Scribe at Work
Online Exhibit: Ethiopic Manuscript Production


The art of parchment-making is still alive in Ethiopia, and is practiced primarily by the scribes who will write on the finished product. Skins of goats are used for books, while those of sheep are preferred for scrolls. In the past, the skins of horses are known to have been used, producing large amounts of parchment, but provoking some condemnation, as horses are unclean animals to Orthodox Ethiopians. The selected skins are soaked in water for a few days, then, when thoroughly soaked, the skin is stretched on a frame, and tensioned. Meat and connective tissue is scraped off with the curved parchment knife, then the pumice stone (sometimes in concert with an abrasive powder) is used to more finely clean the skin. After being washed, the frame is put up against a tree or the side of a house, to dry in the shade. The tension will be checked, and increased, over the day or more it will take to dry. This process of drying under tension is what makes parchment different than leather, as the fibres of the skin are re-arranged into a denser, more durable sheet. Once the stretched skin (now unfinished parchment) has dried, it is scraped with the parchment adze to remove the hair follicles, and rubbed again with the pumice-stone, to clean off all of the epidermis and much of the “grain” layer. Once this is done, it is washed again and set out to dry for a final time; when totally dry, it may be cut out of the frame, and is ready to be used.

In contrast to historical techniques elsewhere in the Christian world, the Ethiopian scribe does not use slaked lime as a depilant, relying on clean water to loosen the hair.

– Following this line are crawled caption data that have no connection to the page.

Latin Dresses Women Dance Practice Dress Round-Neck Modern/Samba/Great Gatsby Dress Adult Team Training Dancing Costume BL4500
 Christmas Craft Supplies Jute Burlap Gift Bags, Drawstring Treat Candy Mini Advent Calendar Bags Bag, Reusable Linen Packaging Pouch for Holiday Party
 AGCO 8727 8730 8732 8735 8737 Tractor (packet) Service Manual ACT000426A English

Parchment-making is an ancient process, and was probably known in Ethiopia before the coming of Christianity. However, the Church showed an early preference for writing its books on parchment, and, as religious material was the primary type of book production during the medieval period, in Ethiopia as in Europe, parchment was standardized as the material of choice from c. 200 C. E. until the wide-spread adoption of paper.

The Tools

Parchmenting Knife, Bahir Dar

The Parchment Knife

[mäqad or መአፈፊያ ካራ määfäfiya kara] Used to separate fatty subcutaneous tissue from the skin layer on the flesh side; some use in other tasks. When removing flesh, it is used at an angle of perhaps 30 degrees from the plane of the skin.

Parchmenting Knife
Parchmenting Adze

The Parchment Adze

[የብራና መፋኪያ yäbǝranna mäfakiya mäträbiya] A modified version of a woodworking adze, it is dragged along the skin at a 90° angle, to scrape off the hair, epidermis, and “grain” layer.

Head of a parchmenting adze
The pumice-stone Cho Brana

The Stones

Two stones are used in parchment-making, a pumice-stone (መራመሚያ ድንጋይ märamämiya dǝngay), used to scour the skin clean, sometimes with the assistance of an abrasive of powdered calcite or marble, called (ኆጸ hoṣa).

The stones
Parchmenting Frame

The Frame

The Process

  • Cutting holes for the rods.
  • Inserting rods on each edge.
  • Tensioning rods to frame.
  • Removing fat and tissue with parchment-knife.
  • Scrubbing with pumice and abrasive.
  • Removing hair with parchment-adze.
  • Appearance of finished surface.
  • Scrubbing and washing.
  • Sewing holes and tears shut.

The Finished Product

A bifolium of parchment, ready for writing. The smoothness and lack of hair follicles on this side marks it as the flesh side, as opposed to the hair side, which would show the remains of the follicles and generally retain more dirt and oil.

Single quire from the Dawit (Psalms)

Ge'ez. 160 x 173 mm. Work of Tsegaeab GebreMaryam, 20th century.

An example of a finished page showing evidence of repairs. Open to part of Psalm 98 (The Lord becomes king; let peoples grow angry!).